What you will do: Work out how many lines in the entries below include the word "staff". Give nothing but the number.

───── Task inputs

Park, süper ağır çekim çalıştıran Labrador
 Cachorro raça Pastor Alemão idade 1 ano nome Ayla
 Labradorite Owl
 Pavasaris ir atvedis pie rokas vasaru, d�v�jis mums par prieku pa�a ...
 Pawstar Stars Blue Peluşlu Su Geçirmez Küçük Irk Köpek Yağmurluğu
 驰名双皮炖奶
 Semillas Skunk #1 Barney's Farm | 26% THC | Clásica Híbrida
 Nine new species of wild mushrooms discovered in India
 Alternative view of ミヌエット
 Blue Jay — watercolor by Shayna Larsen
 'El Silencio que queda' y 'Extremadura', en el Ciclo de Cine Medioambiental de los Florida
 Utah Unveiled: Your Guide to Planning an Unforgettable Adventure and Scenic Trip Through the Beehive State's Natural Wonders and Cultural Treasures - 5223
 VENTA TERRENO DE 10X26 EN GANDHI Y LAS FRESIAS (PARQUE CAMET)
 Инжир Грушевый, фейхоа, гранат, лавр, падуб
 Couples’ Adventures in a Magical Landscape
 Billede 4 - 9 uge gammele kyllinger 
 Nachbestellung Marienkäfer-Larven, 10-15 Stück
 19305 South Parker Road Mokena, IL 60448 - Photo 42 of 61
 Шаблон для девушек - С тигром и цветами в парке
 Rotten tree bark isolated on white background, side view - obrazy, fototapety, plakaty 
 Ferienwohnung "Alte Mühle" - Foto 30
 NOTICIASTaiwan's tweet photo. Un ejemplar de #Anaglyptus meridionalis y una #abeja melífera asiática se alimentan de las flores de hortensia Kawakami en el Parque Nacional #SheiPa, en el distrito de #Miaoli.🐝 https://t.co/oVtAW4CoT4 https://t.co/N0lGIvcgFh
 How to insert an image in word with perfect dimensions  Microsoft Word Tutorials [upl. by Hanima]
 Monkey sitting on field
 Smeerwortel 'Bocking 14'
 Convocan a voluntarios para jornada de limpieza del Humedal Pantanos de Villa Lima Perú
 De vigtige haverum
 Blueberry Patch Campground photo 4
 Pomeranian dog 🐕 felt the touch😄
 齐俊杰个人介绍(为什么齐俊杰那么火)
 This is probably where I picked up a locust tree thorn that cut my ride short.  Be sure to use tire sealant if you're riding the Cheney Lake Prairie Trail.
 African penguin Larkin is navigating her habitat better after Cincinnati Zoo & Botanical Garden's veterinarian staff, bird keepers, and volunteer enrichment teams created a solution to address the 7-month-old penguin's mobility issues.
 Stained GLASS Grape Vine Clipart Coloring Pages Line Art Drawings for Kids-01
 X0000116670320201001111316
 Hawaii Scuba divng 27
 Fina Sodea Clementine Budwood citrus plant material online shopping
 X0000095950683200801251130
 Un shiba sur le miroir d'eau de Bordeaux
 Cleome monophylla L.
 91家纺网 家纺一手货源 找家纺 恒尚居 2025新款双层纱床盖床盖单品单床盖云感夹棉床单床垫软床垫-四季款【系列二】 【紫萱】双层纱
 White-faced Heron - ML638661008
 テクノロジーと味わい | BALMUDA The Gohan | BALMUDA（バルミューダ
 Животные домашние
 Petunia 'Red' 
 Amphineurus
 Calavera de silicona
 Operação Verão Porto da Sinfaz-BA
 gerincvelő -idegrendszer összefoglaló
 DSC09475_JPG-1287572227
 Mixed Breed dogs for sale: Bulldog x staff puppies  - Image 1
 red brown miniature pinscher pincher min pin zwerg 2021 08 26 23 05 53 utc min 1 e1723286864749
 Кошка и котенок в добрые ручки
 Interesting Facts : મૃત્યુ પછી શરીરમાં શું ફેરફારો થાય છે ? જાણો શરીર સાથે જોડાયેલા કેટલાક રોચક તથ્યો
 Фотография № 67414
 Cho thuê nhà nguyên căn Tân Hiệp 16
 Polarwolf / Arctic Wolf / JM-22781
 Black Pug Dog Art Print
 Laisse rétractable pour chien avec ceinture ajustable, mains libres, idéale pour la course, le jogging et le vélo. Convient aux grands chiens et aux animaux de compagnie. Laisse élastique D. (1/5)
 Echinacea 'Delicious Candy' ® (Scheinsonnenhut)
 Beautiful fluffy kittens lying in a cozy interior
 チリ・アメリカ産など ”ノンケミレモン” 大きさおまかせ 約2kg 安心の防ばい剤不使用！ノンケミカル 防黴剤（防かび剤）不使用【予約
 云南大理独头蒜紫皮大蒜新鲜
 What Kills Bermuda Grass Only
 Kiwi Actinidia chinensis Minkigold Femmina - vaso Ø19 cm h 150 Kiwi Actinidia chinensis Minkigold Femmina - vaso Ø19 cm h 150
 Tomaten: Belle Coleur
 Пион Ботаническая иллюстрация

──────────

Reply to the exercise: 2